Embedding Python in a runtime with no libc

Hi! I’m interested in embedding Python into an almost bare metal application (it actually runs on a normal x86 Linux machine, but has no access to libc). Basically, this vendor has an application that will take my applications (compiled as .so) and load it into their runtime. It’s honestly very analogous to a Linux kernel module (i.e. it has an init function that acts as the main, there is no strcpy or fopen, etc.).

Is there a way to port Python to a runtime like this? My dream would be to have a Python REPL that could even import packages that I pip install (understanding I’d have to package them in a special way for them to be loaded in memory). How

I imagine I’ll have to compile Python without libc and just work through the 100k errors as it complains about not having mmap or fstat or the other thousand libc functions it relies on.
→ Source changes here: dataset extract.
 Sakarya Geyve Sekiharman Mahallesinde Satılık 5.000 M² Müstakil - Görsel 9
Any strategies?

CircuitPython or MicroPython perhaps?

What you’d wind up doing for CPython is effectively providing your own libc. So you either need a different Python with minimal requirements (like the above bare metal focused ones), or you’re going to pull in some form of libc whether you write it yourself or you pull in one of the smaller non-LGPL libc implementations and statically link it in.

Also - if anyone has already bundled a WASM runtime for your unusual environment you could instead target running within that.

3 Likes

I briefly looked at MicroPython, but dismissed it for no reason other than it wasn’t built to solve my problem and feels like it may just attempt to address a lot of problems I don’t have. Not a negative comment of it at all (it looks like a great project!), just not what I needed.
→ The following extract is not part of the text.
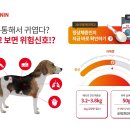 로얄체형관리 이미지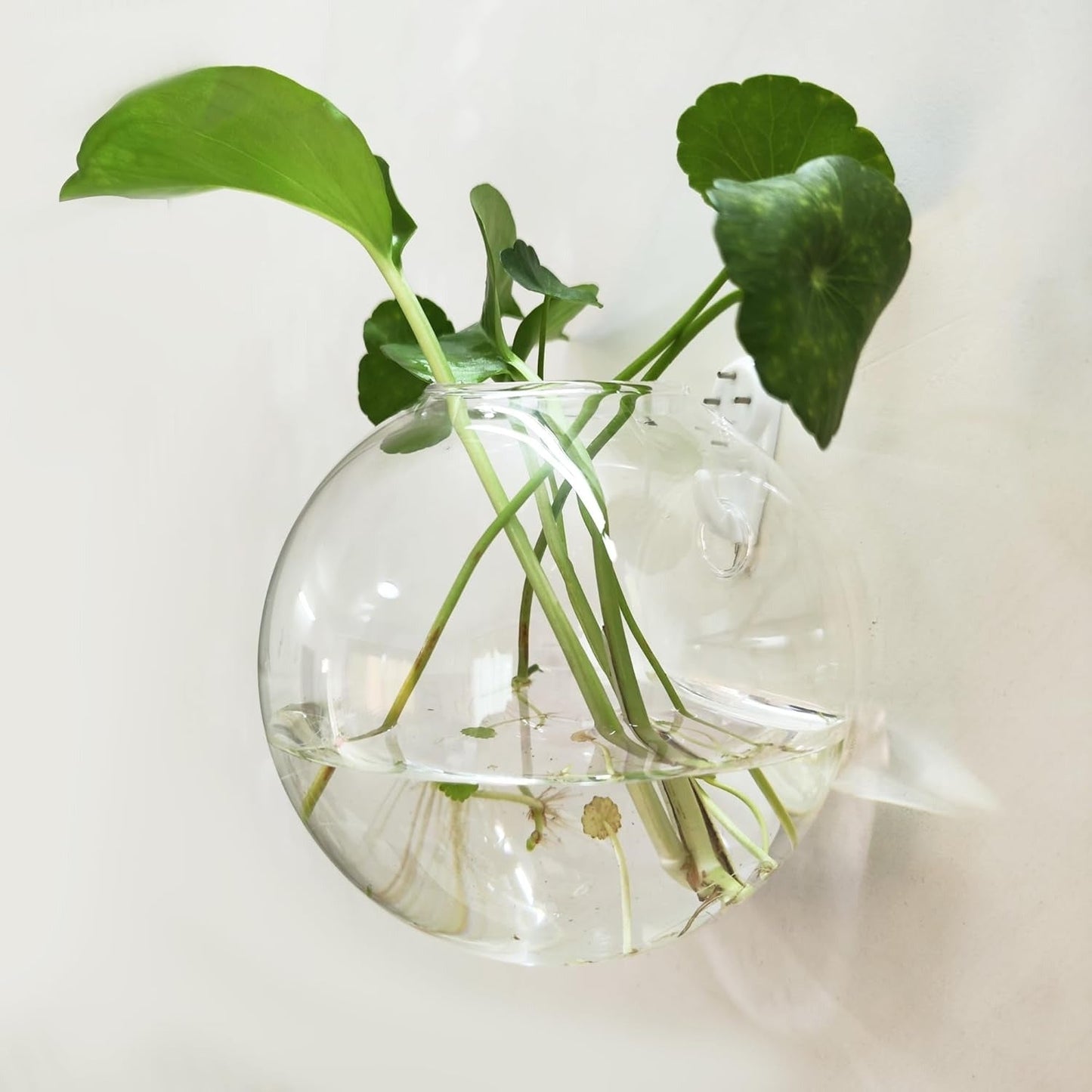 Wall Plant Holder — Vertical Garden & Decorative Fish Bowl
Let’s entertain that I would provide my own libc, would I just ./configure it with CFLAGS with -nostdinc and LDFLAGS with -L/path/to/mylibc -lmylibc?

Probably something of that shape. This is very much “on your own” territory as no software expects to be built in such an environment so there are probably sharp edges in plumbing the necessary build and linking bits through to be found.

2 Likes

You might want to have a look at a completely statically linked version of CPython. This essentially has the libc code compiled into the executable, so there’s no shared dependency on libc.

BuildStatically - Python Wiki should get you started.

There have been several attempts at projects for having a completely static build of Python, but most have been abandoned.

Note that you most likely won’t be able to import shared Python extensions modules, since those will typically need a shared libc as well, but regular Python scripts, modules and packages should work fine.

3 Likes

I’m doubtful that it’ll play well with your embedding/compiled as .so requirement but staticx can take an existing application and embed the libc to make it fully static.

Unfortunately, just statically linking libc won’t work as the runtime is under a fairly restrictive seccomp configuration. So instead of write(1, “Hello”, 5), I would need Python to call myRuntimeWrite(outPtr, “Hello”, 5) where outPtr is some state that I need to track (analogous to fopen). myRuntimeWrite is linked at load time when the runtime loads the built .so into memory.

I don’t quite follow. write() is a libc function and so would be compiled statically directly into the binary. It would not show up as a function in your binary for a seccomp configuration to intercept.

Perhaps you are referring to the next lower level: the syscall OS interface ?!

write() as all other libc functions requiring access to the OS, use the syscall OS API (usually via assembler routines). If you have a seccomp layer preventing such direct access, you will probably need to write a translation layer between the libc you’re using and this seccomp layer.

If you want to go down that path, I’d suggest using musl libc as libc, instead of glibc, since that’s MIT licensed: musl libc

Sorry, yes that’s what I mean. I could statically link libc, but when I use the write libc function, and it in turn calls the write syscall, the runtime will kill my process.

Ultimately, anything that calls a syscall will not work (there are a few exceptions, but they’re not really relevant here). I think you’re right that I will need to write a shim layer to handle the syscalls myself.

I’m going to explore building Python for the WASM target, and building my own wasi-libc equivalent to handle those functions myself. It seems like a more “correct” solution than trying to slowly work through whatever libc functions Python relies on.

Thanks for the suggestions everyone (really didn’t expect this much assistance so fast, I love the FOSS community)! If I get this working, I’ll try to make a GitHub repo with my solution.

2 Likes